BIMATA.ID, Jakarta- Ketua Yayasan Lembaga Konsumen Indonesia (YLKI) Tulus Abadi mendesak Pemerintah untuk mengkaji ulang kebijakan minyak goreng. Pasalnya, masalah minyak goreng tak kunjung selesai.
Menurutnya, kebijakan hilir yang dilakukan pemerintah untuk mengatasi kelangkaan dan harga melambung pada minyak goreng terbukti tidak efektif.
“Itu didasarkan dari hasil laporan dari berbagai yayasan lembaga konsumen di berbagai daerah dan juga dari informasi didapat dari Asosiasi Pedagang Pasar yang sempat bertemu. Para pedagang di pasar mengatakan bahwa stok tidak ada terus, Sehingga pemerintah jangan malu-malu untuk mengevaluasi kebijakannya tetapi jangan juga untuk coba-coba,” ujarnya, Minggu (13/02/2022).
Ketua YLKI ini menilai, selama ini kebijakan minyak goreng yang digodok Pemerintah semacam uji coba kepada masyarakat dan tidak transparan.
Adapun kebijakan pertama yang ditetapkan pemerintah adalah mengguyurkan minyak subsidi yang dijual ke masyarakat dengan harga Rp 14.000 per liter. Namun, belum sebulan kebijakan itu berjalan, kebijakan baru dikeluarkan kembali dan yang lama di cabut.
Kebijakan kedua, Pemerintah mengeluarkan aturan kewajiban harga domestik (DMO) dan kewajiban pasar domestik (DPO) pada produk minyak sawit mentah (CPO). Mekanisme aturan DMO, yakni seluruh eksportir yang akan mengekspor wajib memasok minyak goreng ke dalam negeri sebesar 20%, dan DPO sebesar 9.300 per kilogram untuk CPO sementara 10.300 per kilogram untuk olein.

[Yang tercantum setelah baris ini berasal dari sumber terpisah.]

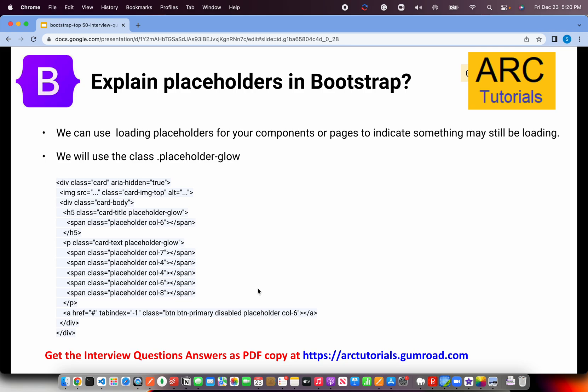Explain placeholders in Bootstrap. Placeholders are used when you're loading some data — you might want to indicate that data is loading while fetching from an API. You can put a small placeholder like a glow, similar to what you see on YouTube when a video is loading in search results. You can replicate this using the class placeholder-glow. The glow effect is shown while data is loading, and once loaded, the data replaces it.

Kemudian, kebijakan ketiga, menetapkan harga eceran tertinggi (HET) minyak goreng terbaru yang berlaku sejak 1 Februari 2022.
Rinciannya, minyak goreng kemasan sederhana Rp 13.500/liter, minyak goreng kemasan premium Rp 14.000/liter, dan minyak goreng curah Rp 11.500/liter.